Small business owners across Canada know that, while it is uncommon, disaster can strike at any moment. There are many elements over which even the most meticulous owners have little control, and that includes disasters such as frozen pipes, loss of electricity, and fire. Recently, a retail business in Didsbury, Alberta – about an hour north of Calgary – learned this the hard way, as a fire destroyed a processing plant that was vital to its ongoing success.
River Rock Angus – a store in Didsbury selling beef products including burgers, roasts, and jerky – was recently put in a difficult situation, as a fire destroyed its meat processing facility just outside of town in mid-March, according to a report from the Carstairs Courier. While no one was hurt in the fire, it was large enough to attract firefighting crews from Didsbury, Carstairs, and Olds to extinguish the blaze. An investigation into the cause of the fire was recently completed, but the results have not yet been made public.
“We were doing all our processing at River Rock,” Dereck Van Sickle, who owns both the retail store and the processing plant with his wife, told the newspaper the day after the fire. “We’ll be tight on supply at the store until we find another processor. It’s too early to say what comes next. The investigation into the cause has just been completed.”

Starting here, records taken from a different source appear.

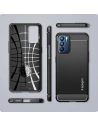 Kup Etui Spigen Rugged Armor Oppo Reno 6 5G Matt Fekete - SPN2157BLK - {ean13} - Sklep Home Screen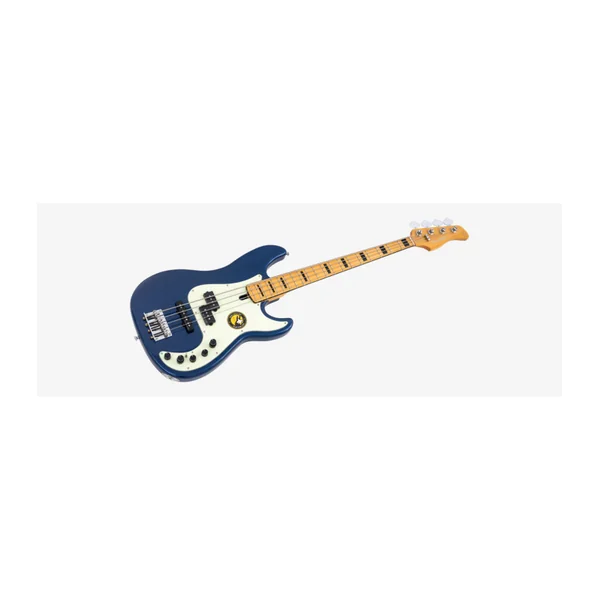 Basse Electrique M. Miller P7 Alder-4 (New Gen) D.Navy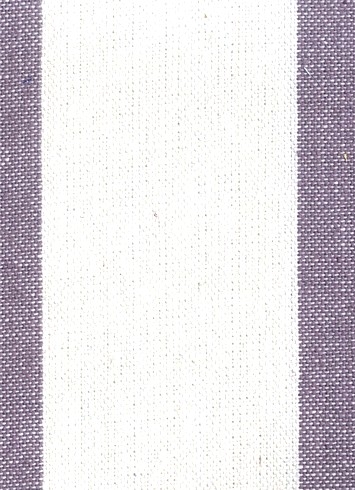 Riley Stripe Fabric 450 Lilac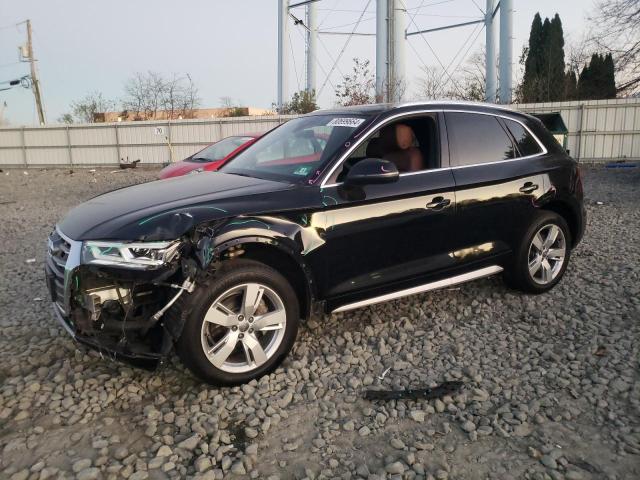 audi q5 premium 2018 wa1bnafy0j2242252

Dereck and Andrea Van Sickle say that they haven’t yet determined how this issue will be covered by their insurance policies, but the building appears to be a total loss, the report said. It had been closed for about a decade before the Van Sickles bought it to help their retail business along, and only reopened the facility less than a year ago. The Van Sickles are beef farmers by trade, and have been for three generations. They specialize in selling natural beef with limited use of antibiotics, no hormones, and homegrown forages.
A risk in the area?
While the cause of this fire hasn’t yet been revealed, it should be noted that there had been more than a few outdoor blazes reported in the area for some time, the report said. Mountain View County had recently imposed both total and partial fire bans, and one was still ongoing when this fire happened. Even now, the use of open or recreational fires, and fireworks, are prohibited unless they are controlled in an approved fire pit. Even many fires indoors – except in acceptable fireplaces or barbecues – likewise remain restricted. Even those with fire permits have had those permits suspended because of the risk.
Small business owners need to be aware of the risks they face in the everyday operations of their companies, no matter how minor those risks seem to be. That’s because if something goes wrong, they could be put in a potentially perilous situation. Reviewing safety measures and also making sure they have the right kind of insurance for their needs is therefore vital to their ongoing success.